Often we want to summarize data. There are many ways of doing this in R:

 # calculate mean() of a column
mean(msleep$sleep_total)
## [1] 10.43373
 # max()
max(msleep$sleep_total)
## [1] 19.9
 # min()
min(msleep$sleep_total)
## [1] 1.9
 # summary()
summary(msleep$sleep_total)
##    Min. 1st Qu.  Median    Mean 3rd Qu.    Max. 
##    1.90    7.85   10.10   10.43   13.75   19.90

Sometimes, the values we care about aren’t provided in a data set. When this happens, we can create a new column that contains the values we’re interested in: Note: we use the $ sign to create a new column on the left part of the command, and to specify the column on the right side of the command

  # what if what we cared about was our sleep_total/sleep_rem ratio?
  # add a sleep_total/sleep_rem ratio column to our msleep dataframe with $
msleep$total_rem <- msleep$sleep_total/msleep$sleep_rem

  # look at our dataframe again. It now contains 12 columns, one of them being the one we just created. use the command "View(msleep)"

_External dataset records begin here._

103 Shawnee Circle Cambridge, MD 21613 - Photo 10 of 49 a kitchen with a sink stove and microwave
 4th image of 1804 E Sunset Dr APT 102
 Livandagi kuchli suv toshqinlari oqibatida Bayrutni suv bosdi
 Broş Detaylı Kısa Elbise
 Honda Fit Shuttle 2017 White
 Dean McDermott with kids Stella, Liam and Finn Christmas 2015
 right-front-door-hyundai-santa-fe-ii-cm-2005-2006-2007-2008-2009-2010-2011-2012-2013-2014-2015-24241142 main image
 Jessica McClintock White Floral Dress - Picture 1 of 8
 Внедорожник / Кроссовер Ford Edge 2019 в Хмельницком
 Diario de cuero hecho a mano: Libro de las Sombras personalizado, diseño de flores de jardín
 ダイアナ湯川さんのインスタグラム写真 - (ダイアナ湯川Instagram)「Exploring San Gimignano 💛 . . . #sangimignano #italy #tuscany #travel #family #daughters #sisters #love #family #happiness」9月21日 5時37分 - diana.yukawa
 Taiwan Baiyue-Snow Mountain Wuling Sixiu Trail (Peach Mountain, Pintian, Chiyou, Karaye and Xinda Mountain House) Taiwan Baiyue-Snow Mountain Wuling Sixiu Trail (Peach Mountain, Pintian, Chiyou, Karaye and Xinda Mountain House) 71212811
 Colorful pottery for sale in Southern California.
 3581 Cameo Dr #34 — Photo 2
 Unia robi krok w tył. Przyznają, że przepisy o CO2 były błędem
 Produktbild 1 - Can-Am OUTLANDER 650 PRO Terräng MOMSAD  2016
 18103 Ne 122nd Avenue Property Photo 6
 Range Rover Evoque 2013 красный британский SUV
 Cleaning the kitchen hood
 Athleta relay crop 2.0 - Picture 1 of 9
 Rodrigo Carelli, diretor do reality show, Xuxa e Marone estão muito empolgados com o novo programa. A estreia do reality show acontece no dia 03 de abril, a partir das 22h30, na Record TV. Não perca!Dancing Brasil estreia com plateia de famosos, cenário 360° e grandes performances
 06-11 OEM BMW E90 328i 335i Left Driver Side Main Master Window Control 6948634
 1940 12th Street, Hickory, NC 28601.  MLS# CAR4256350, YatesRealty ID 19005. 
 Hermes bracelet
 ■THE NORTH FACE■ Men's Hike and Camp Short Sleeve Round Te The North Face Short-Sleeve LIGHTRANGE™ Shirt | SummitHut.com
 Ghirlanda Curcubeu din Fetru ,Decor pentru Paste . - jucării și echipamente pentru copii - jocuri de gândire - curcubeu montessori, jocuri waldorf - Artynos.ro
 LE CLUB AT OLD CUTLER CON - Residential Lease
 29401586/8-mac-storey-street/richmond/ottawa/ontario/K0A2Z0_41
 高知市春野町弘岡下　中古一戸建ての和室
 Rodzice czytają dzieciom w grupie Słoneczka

5.7 Practice exploring a dataframe

EXERCISE 1.1

Reminder of those useful commands: dataframename[row , col], str(), dim(), nrow(), unique(), length(), rownames(), summary(), min(), max(), mean(), range(), levels(), factor(), as.factor(), class(), ncol(), nrow(), table(), sum(), quantile(), var()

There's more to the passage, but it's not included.